The thing is, real money doesn't get made buying things that are already up 100%. It gets made in stocks everyone's written off. These three have brand power that's undeniable, but sentiment has flipped so hard that valuations look almost absurd.

Let me start with Lululemon. Wall Street basically gave up on this one too early. Yeah, the U.S. business is soft—domestic revenue fell 3% last quarter. But here's what people aren't talking about: international is absolutely exploding. International revenue jumped 33% year-over-year, with mainland China up 46%. They're launching in India through a franchise model next year, plus rolling out in Greece, Austria, Poland, Hungary, and Romania. This isn't a side project anymore. It's becoming the main engine. The stock got cut in half from 2024 highs and the forward P/E cratered to around 13—below the apparel industry average of 15.7. For a premium brand that's never been this cheap relative to earnings power, that's wild.
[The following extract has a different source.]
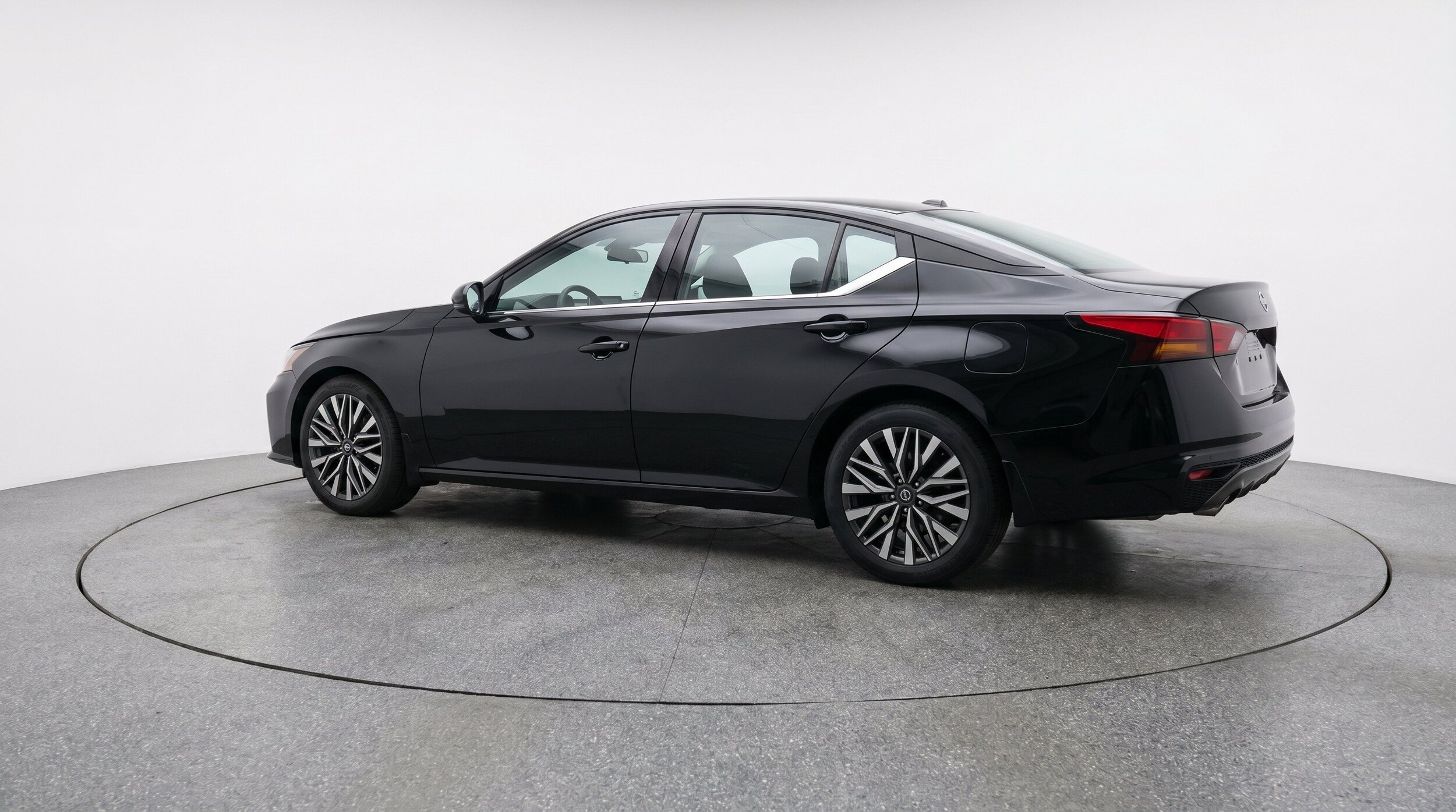 Thumbnail: 2026 Nissan Altima - 6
Then there's Hershey. Everyone's been crushed by cocoa prices up 70% from 2023 levels, so the stock got hammered. But the 2026 guidance actually blew past what analysts modeled. They're guiding 4-5% net sales growth versus the 2.69% consensus. The new CEO from PepsiCo is pushing into zero-sugar products and ramping marketing spend. Innovation grew over 40% in 2024. Here's the thing: Hershey owns a third of the U.S. chocolate aisle. That shelf dominance doesn't disappear because inputs got expensive. Margins should start improving in Q2 2026 after getting compressed, helped by 9% pricing actions and $230 million in efficiency savings. The turnaround math is already working.

Now Nike. This is the one that feels most obviously cheap. Trading around $64 with a P/E of 20, which is nothing compared to where this stock typically trades—historically at 31x earnings or higher. The market's basically treating it like the best days are behind it. But Elliott Hill's turnaround is actually showing real traction. North America just saw 9% sales growth. Running shoes are up over 20% for the second quarter straight. Even with massive tariff headwinds, gross margins barely moved, which signals the core business is stabilizing. And here's the catalyst nobody's pricing in: the 2026 FIFA World Cup hosted in North America this summer. Nike is one of the world's dominant soccer brands. That's a huge demand driver.

If you had $1,000 to deploy right now, these three look like the kind of cheap stocks that could actually rip higher once sentiment normalizes. International growth stories, margin expansion, and major catalysts that feel completely underpriced by the market.